Good to meet you. What do you do?

A durational work from Quarantine – part-performance, part-exhibition of people – 12 Last Songs is a 12-hour-long piece that, across that time, invites around 30 people into the room to demonstrate their labour, the work that they do… It brings a diverse set of people together from the location where it’s performed to create a complex portrait of people and place.

The project talks about our relationship with work, and through that lens, about representation. It asks us to consider how we spend our time. It brings people together who might not otherwise meet. That part is crucial.

12 Last Songs asks why we do what we do and takes a forensic look at the detail of our daily labour.
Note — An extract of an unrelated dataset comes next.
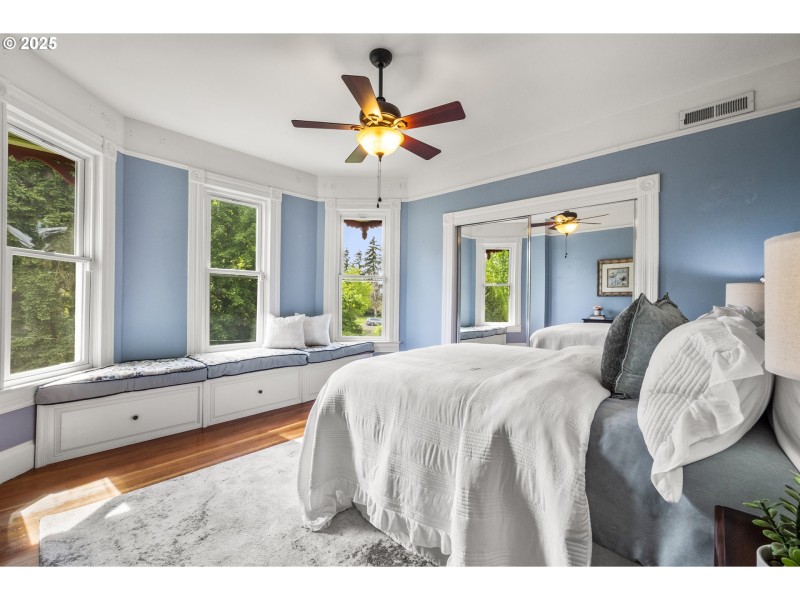 Bedroom, Primary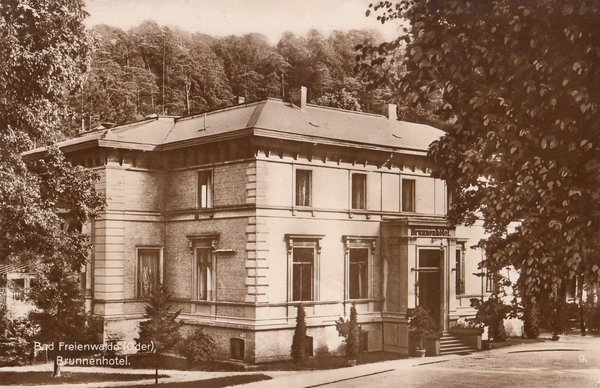 AK - Bad Freienwalde / Brunnenhotel - von 1939 / - 1985 -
It allows us to pay attention to physical acts of work – maybe a hairdresser cutting hair; a decorator wallpapering a wall; a chef cooking a meal; a jeweller putting a watch back together… The piece also engages with non-physical labour – perhaps a psychiatrist, a philosopher, a politician – and many others.
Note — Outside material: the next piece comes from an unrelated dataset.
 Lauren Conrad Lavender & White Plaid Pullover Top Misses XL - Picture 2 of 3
Most workers do a shift of an hour or two, some much longer, depending on the nature of their work. All the workers are paid at the same rate of £25 per hour (or local wage equivalent). Each worker is interviewed live by one of a group of three performers. The performers follow a text of 600 projected questions that span topics and themes that take us from beginnings to endings: from morning to night, from the start of work to retirement, from birth to death. Responses to questions are dealt with spontaneously – there’s no script. 
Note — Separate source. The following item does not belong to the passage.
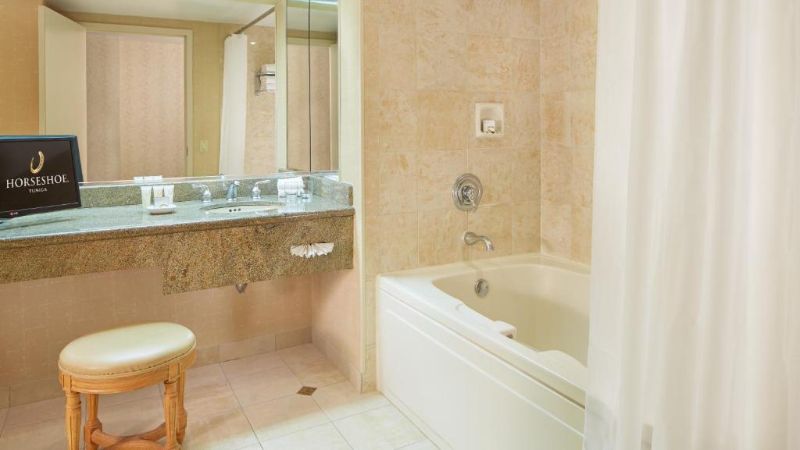 Horseshoe Tunica, room with private jacuzzi, photo 2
A fourth performer goes out into the city during the 12 hours and sends back video footage that is projected live into the space. The content of the video focuses on ways in which groups of people are assembling at that moment in the city, in transit and at leisure – perhaps the platform of a train station; guests gathering for a wedding at the town hall; a concert, a meal in someone’s home…

12 Last Songs is presented as a 12-hour-long performance from midday to midnight across a single day, with audiences able to come and go as they choose. Performances can take place in theatres, galleries and in appropriate, non-arts spaces, civic or (post-) industrial – Quarantine make a response to each specific context and site. 

There will be 12 performances of 12 Last Songs, then we’ll stop. So far, we’ve done 5…

“…hearing others discuss everything from the best way to make a coffee to how to counsel grieving relatives to how to raise children proved endlessly surprising – and often moving. It’s a reminder that all lives are extraordinary in their ordinariness.”